Japanese Animation
Astro Boy, one of the earliest Japanese animations.

Some of you are probably wondering why Japanese Animation gets its own section on this website. Well, since there's such mass amounts on information on it how can we not do Japanese Animation? It has such a great array of titles and people and its own history.

Dr. Tezuka is the man responsible for the style Japan has for its cartoons (i.e. big cute eyes and overly cute fictional animals). he's sometimes known as the "Walt Disney of Japan". It's also strange that he is the creator of this style because in his youth he'd copy images of Popeye, as said in an excerpt by him, saying, "My career as an animator began when at the age of 4 I copied a picture of Popeye. My house was full of comics when I was a schoolboy. Because we were able to obtain a projector and several films, I was able to see Mickey Mouse, Felix the Cat, Chaplin, and Oswald Rabbit at home. When in the third grade in primary school, I drew comics in my notebook, which was immediately taken away by the teacher. Later, however, he encouraged me with praise....."

Dr. Tezuka was heavily inspired by Max Fleischer cartoons of the period, where he had designs coming out of New York based upon round heads and large round expressive eyes.

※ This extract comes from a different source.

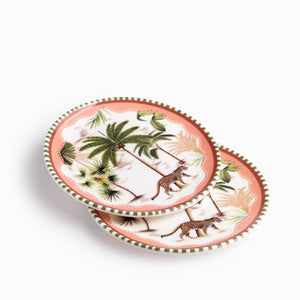 Plato Palmeras Cheetah 20 Cm Set X2 - Ambiente Gourmet México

Some of the earliest Japanese animations were inspired by foreign pioneers, and so they were imitated from popular shows such as the Felix the Cat series, although most were "dramatizations of Oriental folk tales in traditional Japanese art styles". At the time, the Japanese found that their amateur films were competing with top notch cartoons from American studios, while these days the market wants for Japanese animation. The first Japanese fully colored animation appeared in 1955, where it became apparent that the Japanese were adopting the Western studio system. The first Japanese animator to achieve international recognition was Yori Kuri, whose films were usually less than a minute and appeared in film festivals around the world in the 1960s and 1970s.

Digi Charat.

Tezuka was quite impressed by the first Hanna-Barbera cartoons that appeared in Japan in the late 1950s, so then he felt like he could produce limited animation for the new TV market. One of his earliests was Astro Boy, was about a robot boy who wanted to be a real boy (Pinocchio, anyone?), whcih aired in 1963. By the end of 1963, other animation studios decided to pitch in on the television industry, and around the end of the 1960s, popularity of science-fiction and action-adventure animations were so overwhelming that Toei Animation began to alternate it with fairy-tale fare for its theatrical features.

Television animation had become a lot more popular in Japan than it ever has in America, thanks to Dr. Tezuka. He also established the attitude that cartoons and comic books were suited for any age group, unlike how America is whereas America's opinion is that cartoons and comic books were only for kids. He then developed the style of having a much more mature theme in animated features, such as a little eroticism and the appearance of blood and murders.

Sonic the Hedgehog from Sonic CD.

Around the mid 1980s, Japanese Animation has been dominated by television for about two decades. There were two developments that affected this. Hayao Miyazaki and Isao Takahata returned the prominence of theatrical feature animation, and the second development was due to the arrival of the home video market, which began around 1984. These days, Japanese Animation is extremely popular to the mass public, as there are crazy fans who want imports. These fans are fans because Japanese Animation doesn't always take a childish tone, but a mature tone did it want to.

Japanese Animation is definitely a modern frontier in animation because it introduced the world to a whole new aspect of how animation can be viewed. Such ideas as how animation can not only entertain children but older audiences as well.